Shannon Higgins-Cirovski

Player Profile

Hometown:
Columbia, Md.

Soccer:
Coached 1991-97 ** Inducted 2003

Shannon Higgins-Cirovski, is the eighth former GW coach to gain admission into the University's Athletic Hall of Fame. She coached Colonials women's soccer from 1991 through '97 and significantly elevated the program's competitive quality during those years. Though lacking a true GW 'home field' during the '90s and while playing against an upgraded schedule, her teams were 69-59-11 overall in seven years and an excellent 27-4-3 in five seasons ('93-97) of Atlantic 10 Conference play.

Higgins-Cirovski earned A-10 Coach of the Year in both 1994 and '96. Her 1996 team, rated 18th during the season by Soccer Times, made the University's first women's soccer appearance in an NCAA Tournament while her '94 team also managed to achieve a No. 15 national ranking by Soccer America. Three of her mid-'90s players won A-10 awards (Tanya Vogel, current Colonials coach and the first women's soccer electee to the GW AHOF, was A-10 Player of the Year in '96; Chemar Smith and Jane Andersen were back-to-back A-10 Rookie of the Year winners in '94 and '95.)

A world-class midfielder in her own right at North Carolina-Chapel Hill, Higgins-Cirovski was inducted into the National Soccer Hall of Fame last October, only the third women's player to achieve that distinction. She starred on Lady Tar Heels teams which won four consecutive NCAA titles ('86-90) and rolled up a 89-0-6 mark during those years. She won numerous individual awards during her playing career, topped in both '88 and '89 when she was chosen "National Player of the Year" by Soccer America magazine.

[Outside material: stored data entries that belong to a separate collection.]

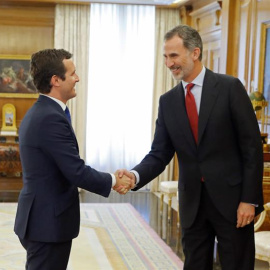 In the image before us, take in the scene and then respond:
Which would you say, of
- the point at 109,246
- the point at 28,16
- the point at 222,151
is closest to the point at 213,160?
the point at 222,151

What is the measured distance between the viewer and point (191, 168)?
10.3ft

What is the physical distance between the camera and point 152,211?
8.39 m

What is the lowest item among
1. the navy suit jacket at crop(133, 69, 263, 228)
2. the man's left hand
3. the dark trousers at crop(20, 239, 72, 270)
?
the dark trousers at crop(20, 239, 72, 270)

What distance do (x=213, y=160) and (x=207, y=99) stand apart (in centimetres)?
35

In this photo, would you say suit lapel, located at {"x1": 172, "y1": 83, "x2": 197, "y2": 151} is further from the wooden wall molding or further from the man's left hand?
the wooden wall molding

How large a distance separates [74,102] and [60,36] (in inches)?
48.8

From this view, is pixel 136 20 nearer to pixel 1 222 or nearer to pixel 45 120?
pixel 1 222

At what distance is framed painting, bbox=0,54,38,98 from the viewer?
1014 centimetres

After one season as a GW assistant coach (in 1990 under fifth-year head coach Adrian Glover), Higgins-Cirovski became one the youngest Division I head coaches in the nation 1991 at the age of 22. Seven years later and following her successes with the Colonials, Higgins-Cirovski left to become head coach of the United States National U-18 Program in 1998-99. She is now in her fifth year as head soccer coach at the University of Maryland where she has been voted the ACC Coach of the Year twice ('99 and 2002) in the past four years.

The 34-year-old Higgins-Cirovski gained her bachelor's degree in Industrial Relations at UNC in 1990. An 1986 graduate of Mt. Rainier High School in Kent, Wash., she now resides in Columbia, Md., with her husband, Sasho Cirovski, head coach of the Terps' men's soccer team, and their three daughters, Hailey (8), Karli (6) and Ellie (four months).